▸ **DATA TO EXAMINE**

===============

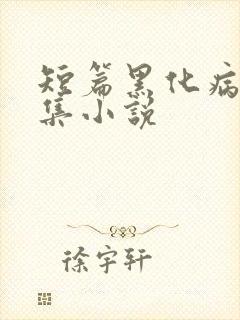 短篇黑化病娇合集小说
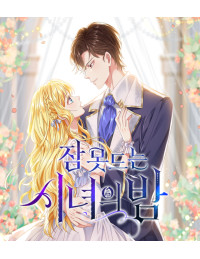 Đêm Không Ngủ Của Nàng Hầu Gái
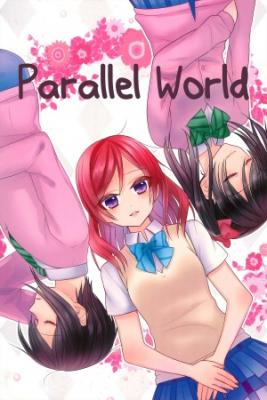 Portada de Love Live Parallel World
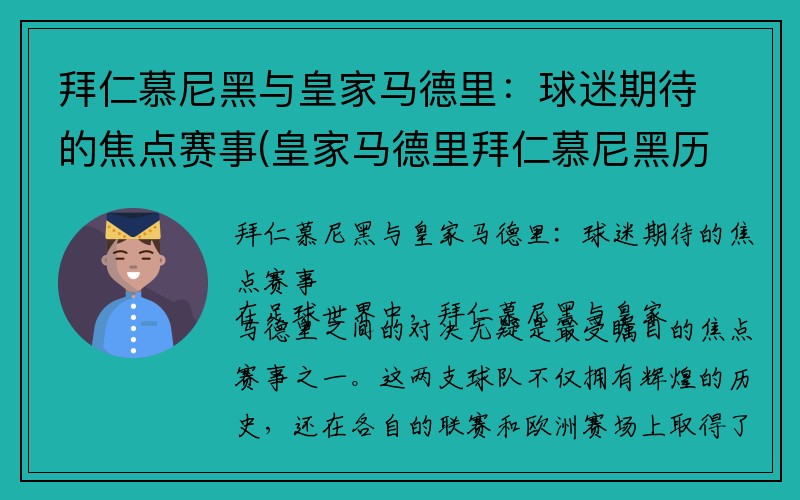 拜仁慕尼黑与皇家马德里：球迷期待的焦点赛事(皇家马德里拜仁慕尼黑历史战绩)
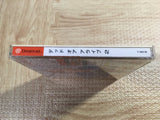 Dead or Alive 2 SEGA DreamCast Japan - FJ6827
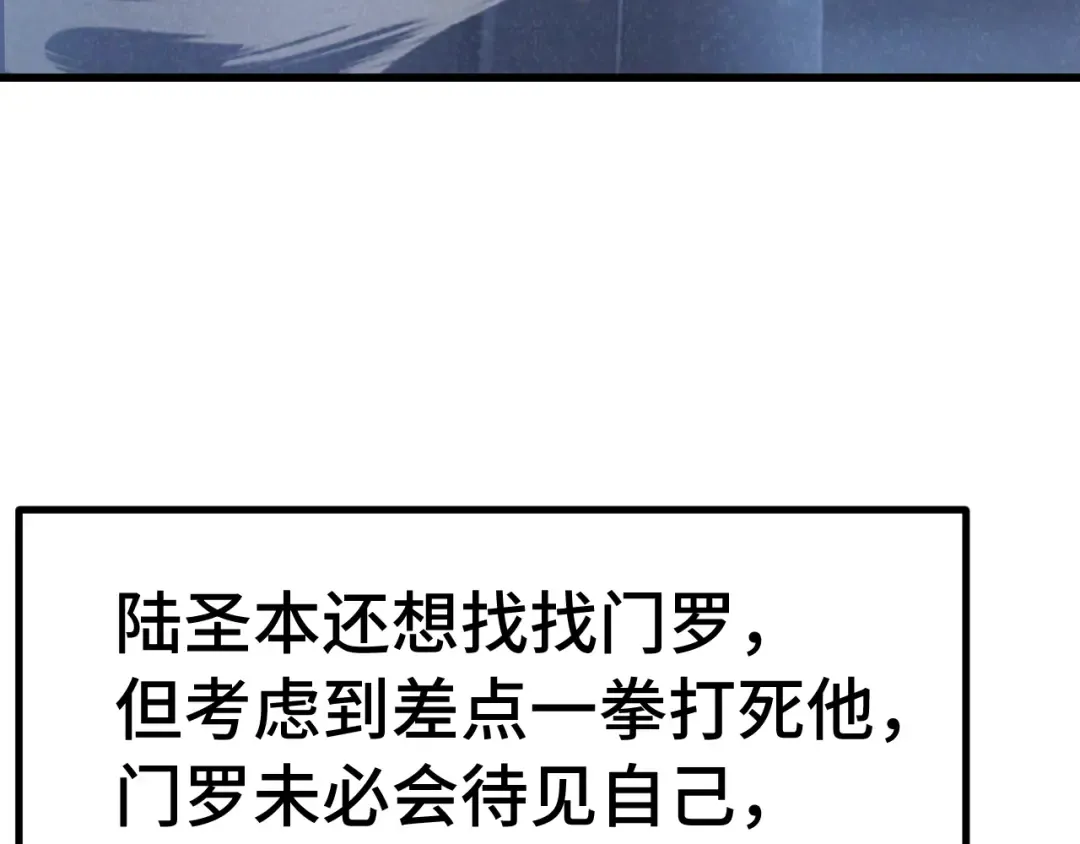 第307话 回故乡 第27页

===============

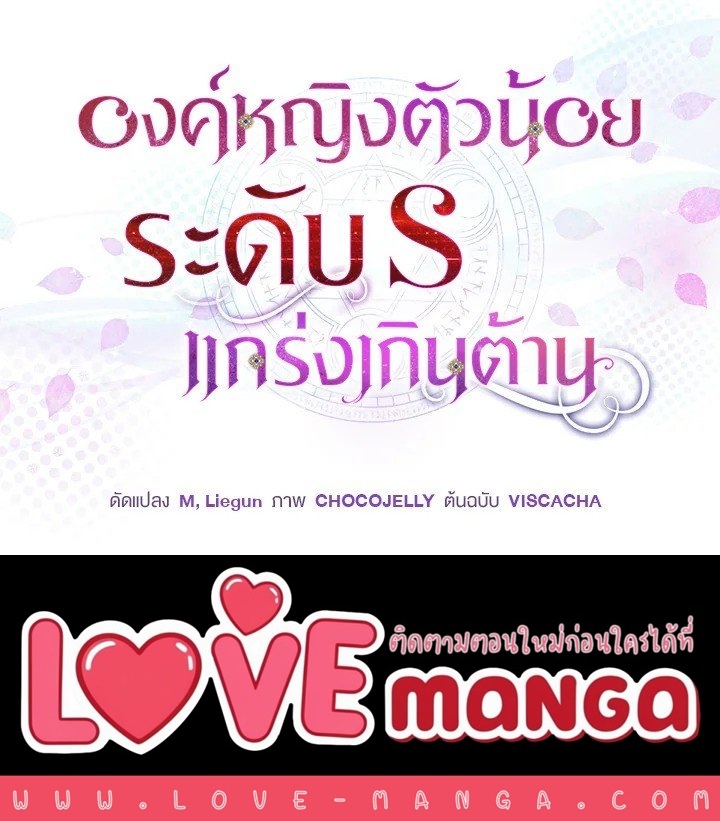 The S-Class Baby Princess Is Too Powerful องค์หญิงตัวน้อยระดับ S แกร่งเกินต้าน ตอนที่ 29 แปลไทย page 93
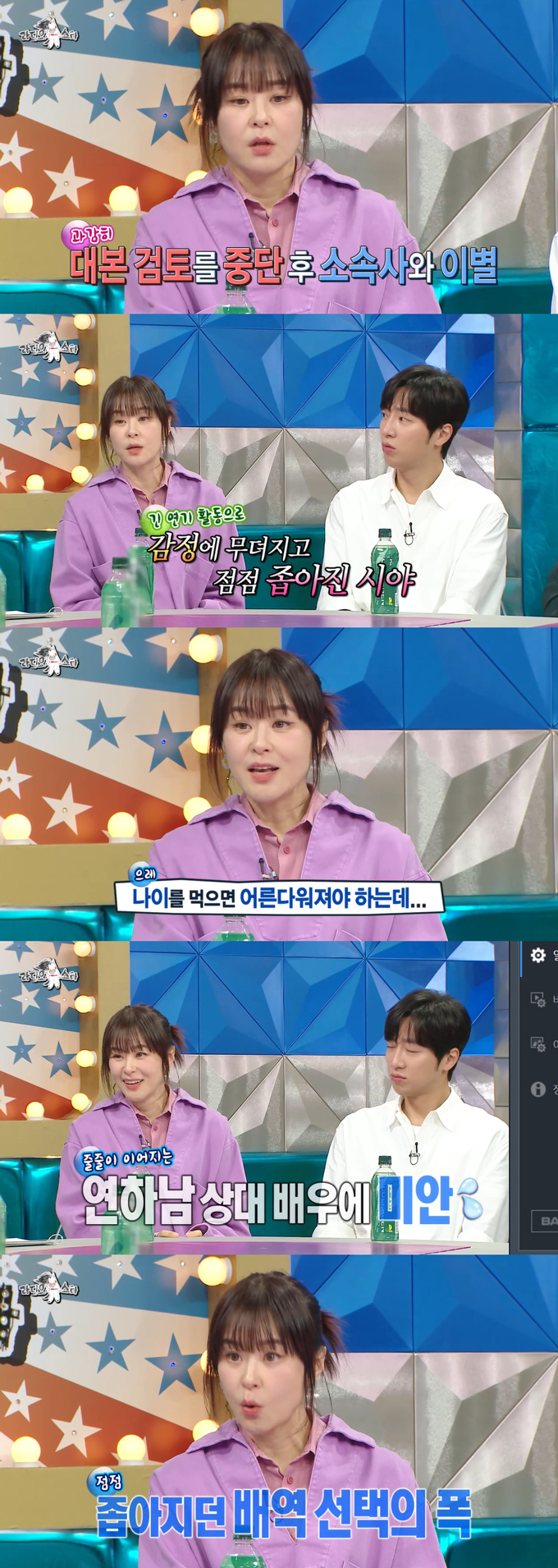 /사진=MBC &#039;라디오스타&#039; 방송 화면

===============

▸ **EXERCISE BRIEF**
Using the entries above, repeat exactly the lines from the one with "Portada de Love Live Parallel World" to the one with "第307话 回故乡 第27页", both included, and leave the pictures behind.

▸ **TASK RESULT**
 Portada de Love Live Parallel World
 拜仁慕尼黑与皇家马德里：球迷期待的焦点赛事(皇家马德里拜仁慕尼黑历史战绩)
 Dead or Alive 2 SEGA DreamCast Japan - FJ6827
 第307话 回故乡 第27页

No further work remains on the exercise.